**Work task:** Find "Гравер Dremel Engraver 290-1 (F0130290JZ)" below and begin at its line; stop after the line with "Image 3 : 3 boxes of Lifebuoy hand sanitizer". Output those lines exactly, without pictures.

---------- Available data ----------

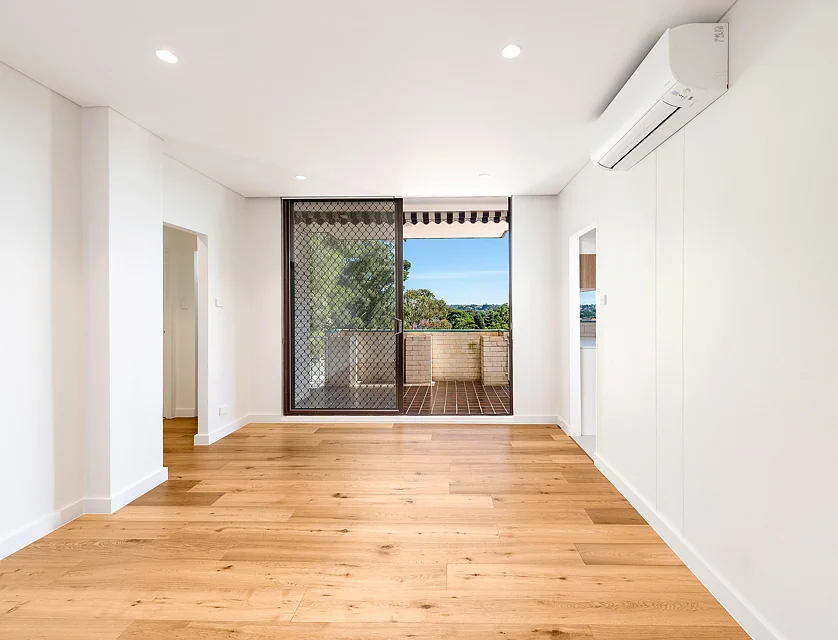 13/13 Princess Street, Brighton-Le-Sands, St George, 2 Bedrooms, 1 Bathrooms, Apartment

----------
---------- Available data ----------

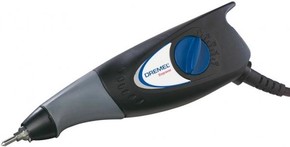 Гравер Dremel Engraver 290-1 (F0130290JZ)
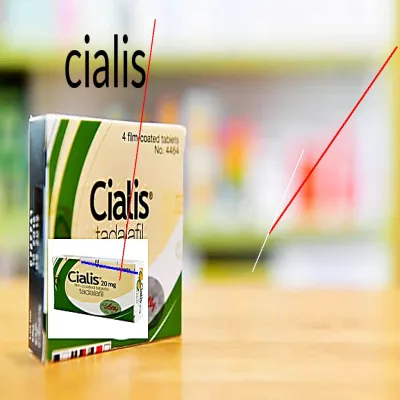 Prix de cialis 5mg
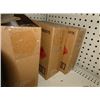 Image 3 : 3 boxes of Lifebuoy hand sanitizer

----------
---------- Available data ----------

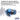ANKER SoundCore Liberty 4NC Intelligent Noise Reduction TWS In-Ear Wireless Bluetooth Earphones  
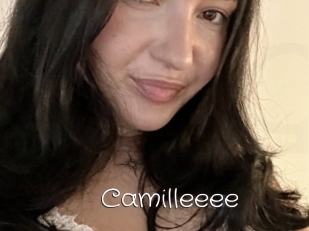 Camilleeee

----------

**Your response:**
 Гравер Dremel Engraver 290-1 (F0130290JZ)
 Prix de cialis 5mg
 Image 3 : 3 boxes of Lifebuoy hand sanitizer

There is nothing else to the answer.